We decided to go for it. We started hiking up what I was sure was the real Goat Rocks. The trail went through high meadows with lupine flowers and rock piles dotting the land. Cairns seemed to mark the trail higgly piggly, but perhaps the stone markers made more sense when snow covered the real trail. Many of the people who had already reached Canada had walked through the Goat Rocks when it was covered in snow. I expected to hear any day from Stride saying she had finished her hike.

We climbed up. It started out gently enough--just another uphill after months of uphills just like it. The trail crossed a large snow field, maybe the biggest one I had hiked across on the trip so far, but it too, was gentle. Only the last few yards were angled downward. At the northern end of the snow patch the PCT split into two: one trail for the hikers that went up and then over the Knife's Edge, and another one for the horses that did not go up or over the Knife. We went up of course, and then the trail got interesting.

Without the horse the trail didn't need to stay at a nice gentle grade so it climbed steeply for for a half mile over a jumble of rocks that looked vaguely like a trail. The time was creeping past 6:30, the sun was getting low, and I couldn't help but think about Spot the southbounder shaking his head at the northbounders starting the Knife's Edge an hour before sunset. By the time we got to the top of the climb it was an hour before sunset and the downhill looked more daunting than the climb up.

The top of the climb with the Knife's Edge before us
For the descent the trail was on a very narrow ridge made up of loose sliding rock. The west cost rocks are nothing like the rocks I was used to on the Appalachian Trail. The PCT rocks sound like porcelain as they crunch against each other. They look like they could all be fit back together if you had the time--like if the sun wasn't vanishing behind the next ridge. Even though I knew I was going to be night hiking on wobbling rocks on a knee jarring descent with plunging drops on either side I still found the rocks interesting--but maybe that's because the ridge was blocking the view of the setting sun. The sun did cast Rainier in a beautiful pink light.

On the Knife's Edge just before sunset
I welcomed the horse trail back with great happiness. With the horses back the trail had to be nice to us. Except it had one little trick left for us. A section of the trail had washed out leaving nothing but a narrow sandy ledge with nothing but the valley floor a lifetime below it. There was nothing for it though, but forward. It made me and Portrait hesitate, but we both got across. We looked back at our new best friends that we could see a half mile behind us. They would be doing the tricky section at dark.

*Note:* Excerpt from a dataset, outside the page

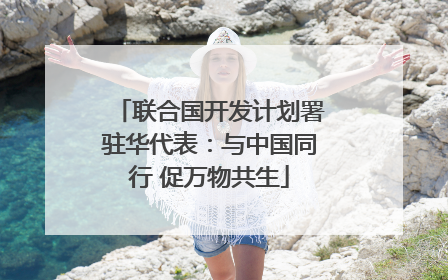 联合国开发计划署驻华代表：与中国同行 促万物共生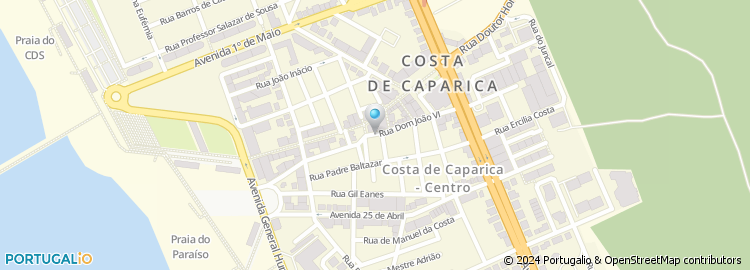 Mapa de Rua Dom João Vi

The night sky, taken by Portrait 
It was just about dark, we had checked out a couple of maybe campsites and decided that they were all horrible--too windy, too exposed, so much hill we might wake up in the valley. Then we saw the perfect spot. It was down off the trail so it had that ridge to protect it, and then it had a second ridge on the other side. In the middle of some wind burnt grass was three little sandy flat spots just big enough to cowboy camp on. We made camp, keeping an eye our for Silky Smooth and Blackout. We were able to watch their approach by following their head lamps. They grabbed one of the other campsites. We were all settling down for the night when we saw another headlamp coming our way. Portrait flagged down the new hiker, who turned out to be Just John, who I had met once just north of Hiker Town, more than 1700 miles earlier. He seemed very grateful for the place to camp--as were we all.